TLS handshake error from IP:PORT remote error: tls: bad certificate

Question

TLS handshake error from IP:PORT remote error: tls: bad certificate

ZelphirKaltstahl opened this issue 4 months ago · comments

Zelphir Kaltstahl commented 4 months ago

I built galene inside a docker container, using the build commands mentioned in same installation guide at https://github.com/jech/galene/blob/master/INSTALL#L5. I am starting the container like this:

docker run --detach --name galene --volume example-groups.json:/opt/galene/groups/test.json --publish 8443:8443 --publish 1194:1194 zelphir/galene:latest

I have an entrypoint looking like this:

#!/bin/bash

set -Eeuxo pipefail

printf "%s\n" "starting galene"
printf "app directory: %s\n" "${APP_DIR}"
ls -al

exec ./galene ${@}

The installation guide at https://github.com/jech/galene/blob/master/INSTALL#L47 says I should be able to connect to galene, but what actually happens is this:

+ printf '%s\n' 'starting galene'
+ printf 'app directory: %s\n' /opt/galene
+ ls -al
starting galene
app directory: /opt/galene
total 9852
drwxr-xr-x 1 root root       50 Jul  3 23:55 .
drwxr-xr-x 1 root root       12 Jul  3 23:26 ..
-rwxrwxr-x 1 root root      486 Jul  3 23:47 entrypoint.sh
-rwxr-xr-x 1 root root 10080408 Jul  3 23:03 galene
drwxr-xr-x 1 root root       18 Jul  3 23:55 groups
+ exec ./galene
2024/07/03 23:55:02 TURN: no public addresses
2024/07/03 23:55:22 Relay test failed: timeout
2024/07/03 23:55:22 Perhaps you didn't configure a TURN server?

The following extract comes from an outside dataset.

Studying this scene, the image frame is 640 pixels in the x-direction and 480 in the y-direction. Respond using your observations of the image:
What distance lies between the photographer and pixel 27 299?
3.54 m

The built galene binary is in that directory and galene seems to run, but contrary to simply being able to visit it in the browser at https://localhost:8443. I do see the expected untrusted certificate warning of my browser. However, when I add an exception, I get to a page that says:

Not found

While I see the following in the logs:

2024/07/03 23:59:48 http: TLS handshake error from 172.17.0.1:36444: remote error: tls: bad certificate

On https://galene.org/INSTALL.html it says:

If you don’t have a TLS certificate, Galène will generate a self-signed certificate automatically (and print a warning to the logs). If you have a certificate, install it in the files data/cert.pem and data/key.pem:

But this seems to be wrong. The TLS certificate generated cannot be used, because it is somehow "bad". Or is galene simply refusing to serve, when using a self-signed cert? But then Why generate one at all?

Juliusz Chroboczek · Answer 1 · Thu Jul 04 2024 17:09:36 GMT+0800 (China Standard Time)

Not found

Have you copied the static directory into the container's filesystem?

2024/07/03 23:59:48 http: TLS handshake error from 172.17.0.1:36444: remote error: tls: bad certificate

Please ignore this, it's just a warning that indicates that the browser rejected the certificate. Unfortunately, it cannot be easily suppressed, since it's generated by Go's HTTP code.

Juliusz Chroboczek · Answer 2 · Sat Jul 06 2024 06:25:33 GMT+0800 (China Standard Time)

Closing. Please reopen if including the static directory doesn't fix your issue.

Zelphir Kaltstahl · Answer 3 · Sat Jul 06 2024 06:29:15 GMT+0800 (China Standard Time)

Saw your response. Thanks for your suggestion! Need more time to test things. Will post here, if I figure something out.

Zelphir Kaltstahl · Answer 4 · Wed Jul 10 2024 03:31:11 GMT+0800 (China Standard Time)

The 404 disappears, when I have the static directory. Thanks!